A comida dos heterótrofos pode vir dos resíduos decompostos de vida marinha que caem no fundo do mar, ou do colapso químico não biológico da própria crosta, como pode ser observado em alguns locais de fontes hidrotermais no fundo do oceano. De qualquer forma, estes resíduos ficam concentrados nas microrroturas cheias de argila, fazendo da argila um “material mágico” para a vida, diz Suzuki.
Nestas antigas rochas basálticas também foram encontrados micróbios que comem metano. Não se sabe ao certo qual é a fonte do metano, diz Lever, mas pode ter-se formado na crosta fresca do oceano através da cozedura do dióxido de carbono ali aprisionado. Talvez estas criaturas estejam a sobreviver à base de resíduos com dezenas de milhões de anos.
Vida para além da Terra
A existência de comunidades microbianas na antiga crosta oceânica também é um bom presságio para a possibilidade de vida no planeta vermelho. Quimicamente, os basaltos oceânicos da Terra são muito semelhantes aos basaltos de Marte, diz Arya Udry, cientista planetária da Universidade do Nevada, em Las Vegas, que não participou nesta investigação.

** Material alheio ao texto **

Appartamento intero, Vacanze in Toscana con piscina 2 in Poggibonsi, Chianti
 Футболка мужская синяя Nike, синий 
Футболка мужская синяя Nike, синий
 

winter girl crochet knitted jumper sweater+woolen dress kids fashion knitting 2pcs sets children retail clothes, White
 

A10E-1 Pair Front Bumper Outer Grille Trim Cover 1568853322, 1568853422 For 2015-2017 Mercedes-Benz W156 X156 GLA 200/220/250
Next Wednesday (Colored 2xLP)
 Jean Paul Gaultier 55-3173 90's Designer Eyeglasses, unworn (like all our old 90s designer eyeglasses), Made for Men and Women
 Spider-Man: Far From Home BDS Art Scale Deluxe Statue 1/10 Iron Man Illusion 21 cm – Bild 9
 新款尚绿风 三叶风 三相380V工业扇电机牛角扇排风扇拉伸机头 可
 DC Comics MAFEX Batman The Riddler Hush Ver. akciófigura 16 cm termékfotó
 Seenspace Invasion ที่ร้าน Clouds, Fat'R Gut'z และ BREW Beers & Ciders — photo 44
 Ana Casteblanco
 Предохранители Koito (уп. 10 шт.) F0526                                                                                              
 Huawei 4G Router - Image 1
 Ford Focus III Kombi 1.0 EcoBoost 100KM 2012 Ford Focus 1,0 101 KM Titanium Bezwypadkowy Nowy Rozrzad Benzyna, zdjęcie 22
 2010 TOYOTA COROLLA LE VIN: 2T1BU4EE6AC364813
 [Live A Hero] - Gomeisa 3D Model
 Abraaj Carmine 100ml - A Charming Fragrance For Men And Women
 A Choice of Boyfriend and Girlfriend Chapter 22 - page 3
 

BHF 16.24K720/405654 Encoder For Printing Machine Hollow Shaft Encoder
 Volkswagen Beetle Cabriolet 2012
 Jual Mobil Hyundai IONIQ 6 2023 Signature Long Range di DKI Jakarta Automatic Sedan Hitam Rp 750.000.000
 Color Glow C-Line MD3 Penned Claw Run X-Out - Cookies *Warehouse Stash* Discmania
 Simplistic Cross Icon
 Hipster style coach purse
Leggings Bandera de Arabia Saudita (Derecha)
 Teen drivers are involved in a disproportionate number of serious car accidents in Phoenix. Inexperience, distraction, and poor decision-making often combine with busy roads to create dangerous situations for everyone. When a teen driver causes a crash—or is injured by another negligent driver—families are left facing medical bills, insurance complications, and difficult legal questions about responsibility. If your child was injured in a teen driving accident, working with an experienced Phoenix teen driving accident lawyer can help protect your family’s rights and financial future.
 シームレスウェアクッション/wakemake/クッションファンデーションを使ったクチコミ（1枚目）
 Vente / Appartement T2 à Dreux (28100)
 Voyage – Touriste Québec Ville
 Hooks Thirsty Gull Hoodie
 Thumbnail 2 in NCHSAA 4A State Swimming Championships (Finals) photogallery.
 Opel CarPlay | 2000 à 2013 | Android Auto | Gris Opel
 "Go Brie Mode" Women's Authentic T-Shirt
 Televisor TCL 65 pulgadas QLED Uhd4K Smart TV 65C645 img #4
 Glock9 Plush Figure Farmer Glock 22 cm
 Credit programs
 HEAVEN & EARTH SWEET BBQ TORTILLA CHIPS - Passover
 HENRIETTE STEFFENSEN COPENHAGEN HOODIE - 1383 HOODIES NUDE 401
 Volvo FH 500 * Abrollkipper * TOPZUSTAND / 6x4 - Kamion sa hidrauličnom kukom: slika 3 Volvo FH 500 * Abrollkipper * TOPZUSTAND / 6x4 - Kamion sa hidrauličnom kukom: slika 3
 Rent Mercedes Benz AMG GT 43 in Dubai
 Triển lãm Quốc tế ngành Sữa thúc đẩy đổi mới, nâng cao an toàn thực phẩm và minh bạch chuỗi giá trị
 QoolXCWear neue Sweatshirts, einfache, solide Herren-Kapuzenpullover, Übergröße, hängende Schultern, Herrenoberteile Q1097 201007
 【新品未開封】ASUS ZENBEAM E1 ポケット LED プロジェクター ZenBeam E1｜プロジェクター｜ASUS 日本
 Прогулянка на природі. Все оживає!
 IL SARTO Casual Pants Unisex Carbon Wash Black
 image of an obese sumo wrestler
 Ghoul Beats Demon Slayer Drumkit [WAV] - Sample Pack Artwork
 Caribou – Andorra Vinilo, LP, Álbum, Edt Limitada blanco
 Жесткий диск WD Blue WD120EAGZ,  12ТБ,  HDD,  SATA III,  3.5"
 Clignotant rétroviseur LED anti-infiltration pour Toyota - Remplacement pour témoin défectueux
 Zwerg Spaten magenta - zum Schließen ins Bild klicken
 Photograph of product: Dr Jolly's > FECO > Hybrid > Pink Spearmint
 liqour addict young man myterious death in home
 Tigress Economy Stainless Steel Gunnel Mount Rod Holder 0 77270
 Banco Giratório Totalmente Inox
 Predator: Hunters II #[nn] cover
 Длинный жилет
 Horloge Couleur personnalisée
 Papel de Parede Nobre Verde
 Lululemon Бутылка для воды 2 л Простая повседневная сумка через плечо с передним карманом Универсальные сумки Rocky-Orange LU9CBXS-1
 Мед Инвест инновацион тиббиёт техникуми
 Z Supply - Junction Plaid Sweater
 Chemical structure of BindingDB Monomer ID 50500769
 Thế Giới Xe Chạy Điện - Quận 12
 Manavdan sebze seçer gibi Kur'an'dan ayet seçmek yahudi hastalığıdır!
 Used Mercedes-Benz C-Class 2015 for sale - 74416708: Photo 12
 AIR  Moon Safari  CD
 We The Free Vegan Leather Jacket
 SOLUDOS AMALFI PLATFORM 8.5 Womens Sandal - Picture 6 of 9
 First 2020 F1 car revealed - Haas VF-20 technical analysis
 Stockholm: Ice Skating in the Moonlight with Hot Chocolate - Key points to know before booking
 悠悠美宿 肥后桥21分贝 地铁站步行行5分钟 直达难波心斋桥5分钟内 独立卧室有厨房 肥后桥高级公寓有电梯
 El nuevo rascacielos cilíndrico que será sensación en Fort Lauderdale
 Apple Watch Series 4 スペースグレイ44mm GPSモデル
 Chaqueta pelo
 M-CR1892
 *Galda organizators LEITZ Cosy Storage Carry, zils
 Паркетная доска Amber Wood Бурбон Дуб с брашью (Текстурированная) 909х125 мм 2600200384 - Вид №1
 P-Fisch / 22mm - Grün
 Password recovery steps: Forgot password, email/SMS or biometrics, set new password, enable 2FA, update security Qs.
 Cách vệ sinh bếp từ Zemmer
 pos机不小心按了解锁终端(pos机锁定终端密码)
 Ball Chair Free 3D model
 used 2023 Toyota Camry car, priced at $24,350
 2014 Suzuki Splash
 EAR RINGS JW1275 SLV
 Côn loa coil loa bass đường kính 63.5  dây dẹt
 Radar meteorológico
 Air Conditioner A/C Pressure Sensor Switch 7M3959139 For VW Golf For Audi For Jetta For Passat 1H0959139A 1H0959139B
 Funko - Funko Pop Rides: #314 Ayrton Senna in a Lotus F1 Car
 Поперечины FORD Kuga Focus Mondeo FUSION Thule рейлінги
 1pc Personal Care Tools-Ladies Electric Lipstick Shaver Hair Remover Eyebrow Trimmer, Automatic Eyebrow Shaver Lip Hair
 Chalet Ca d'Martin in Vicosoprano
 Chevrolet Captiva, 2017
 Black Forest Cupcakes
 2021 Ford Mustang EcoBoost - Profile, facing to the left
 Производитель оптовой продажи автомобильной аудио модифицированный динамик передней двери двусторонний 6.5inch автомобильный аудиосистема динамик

Esta descoberta aumenta as probabilidades de encontrarmos vida semelhante, em lugares comparáveis, nas nossas vizinhanças planetárias? “Completamente”, diz Lever. Apesar de não se conhecer ao certo a origem do metano, sabe-se que também existe em Marte, pelo que alguns destes micróbios que comem metano e que vivem nas crostas, como os encontrados no Pacífico Sul, também podem existir de alguma forma no planeta vermelho.
A esmectite mineral argilosa, que ajuda a fornecer alimento a muitos dos micróbios terrestres, também é encontrada no interior e exterior do basalto marciano. “Se no passado existiu vida em Marte, é provável que também possa existir atualmente nestes ambientes abaixo da superfície”, diz Lever.
Caso existam micróbios a sobreviver no interior de Marte, protegidos da radiação mortal que existe na superfície do planeta, em breve poderemos encontrá-los, diz Maria Zorzano
As implicações das descobertas feitas neste estudo vão para além do nosso sistema solar. Muitos dos ecossistemas da Terra são construídos sobre as fundações de organismos fotossintéticos, desde as algas que flutuam no mar até às plantas em terra. Mas estes micróbios que consomem metano podem extrair a sua energia apenas da crosta oceânica, tornando o seu ecossistema completamente diferente, mas não menos bem-sucedido.
A estratégia aparentemente invulgar destes micróbios pode ser mais comum no cosmos do que pensamos, diz Lever. “Quando olhamos para outros lugares no universo, a vida fotossintética pode muito bem ser a expceção.”